Action item:
The pictures do not go in the copy. Reproduce the rest of the entries exactly.

==============================

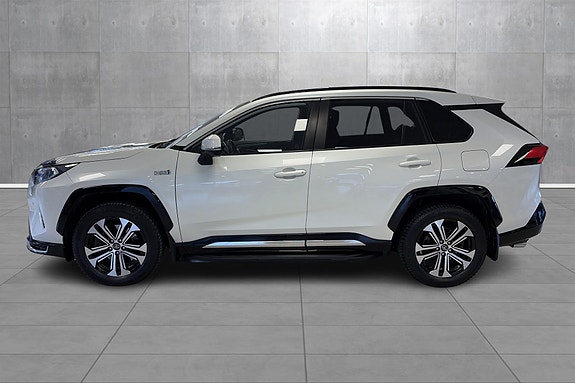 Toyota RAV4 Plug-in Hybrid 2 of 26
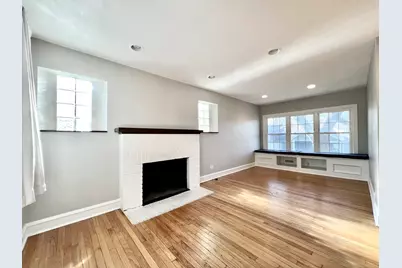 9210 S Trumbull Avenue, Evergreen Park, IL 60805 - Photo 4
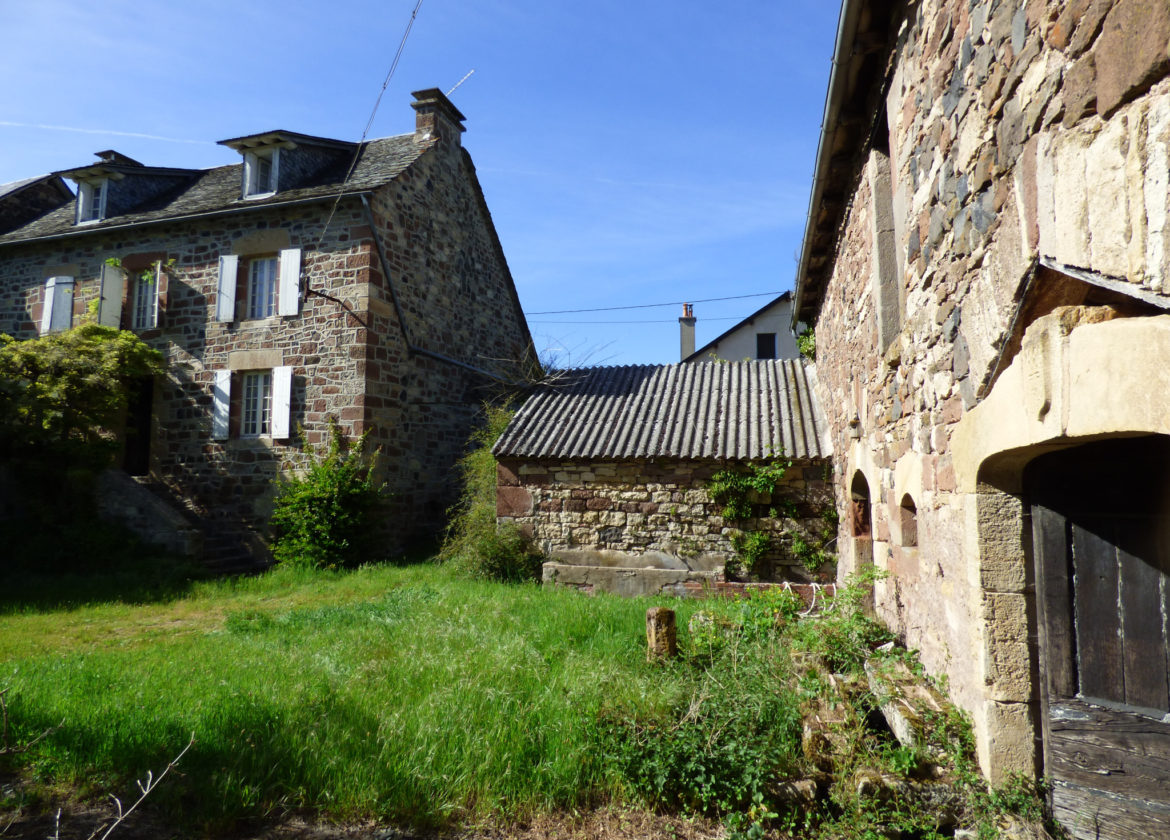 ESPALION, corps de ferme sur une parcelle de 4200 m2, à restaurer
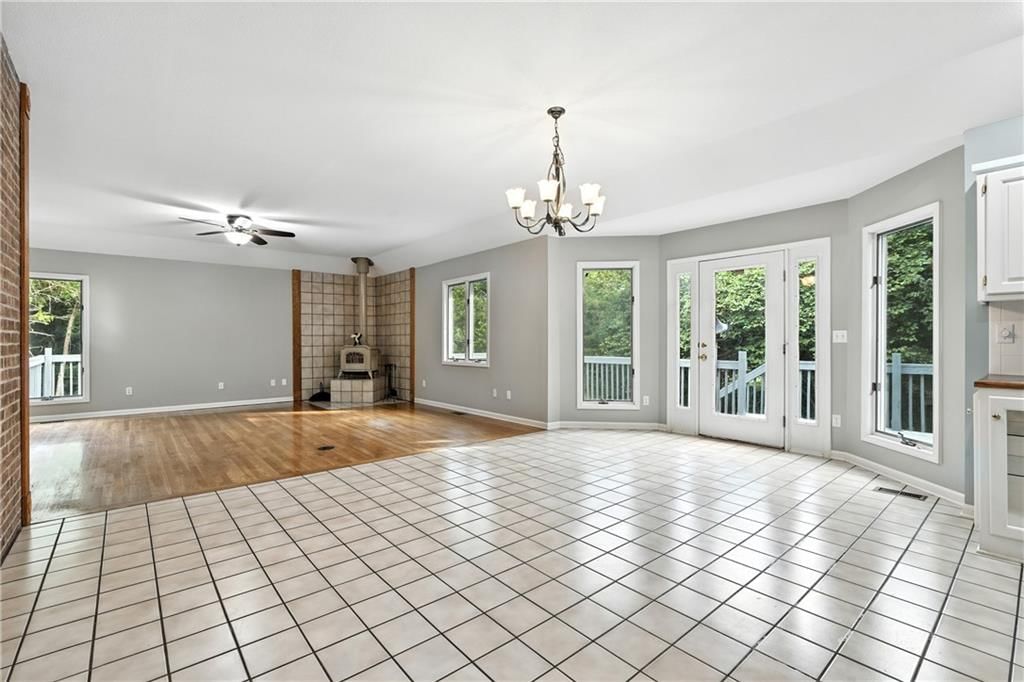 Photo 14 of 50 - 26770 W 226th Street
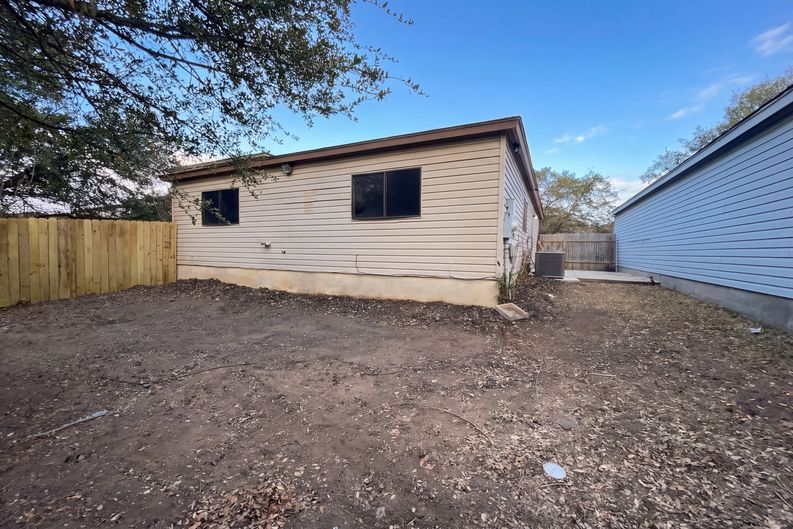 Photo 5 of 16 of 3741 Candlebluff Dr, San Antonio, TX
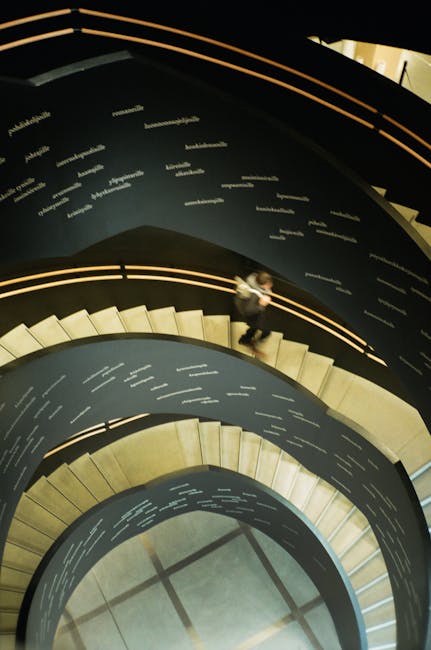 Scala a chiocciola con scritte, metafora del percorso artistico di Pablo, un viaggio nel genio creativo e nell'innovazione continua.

==============================

Result below:
 Toyota RAV4 Plug-in Hybrid 2 of 26
 9210 S Trumbull Avenue, Evergreen Park, IL 60805 - Photo 4
 ESPALION, corps de ferme sur une parcelle de 4200 m2, à restaurer
 Photo 14 of 50 - 26770 W 226th Street
 Photo 5 of 16 of 3741 Candlebluff Dr, San Antonio, TX
 Scala a chiocciola con scritte, metafora del percorso artistico di Pablo, un viaggio nel genio creativo e nell'innovazione continua.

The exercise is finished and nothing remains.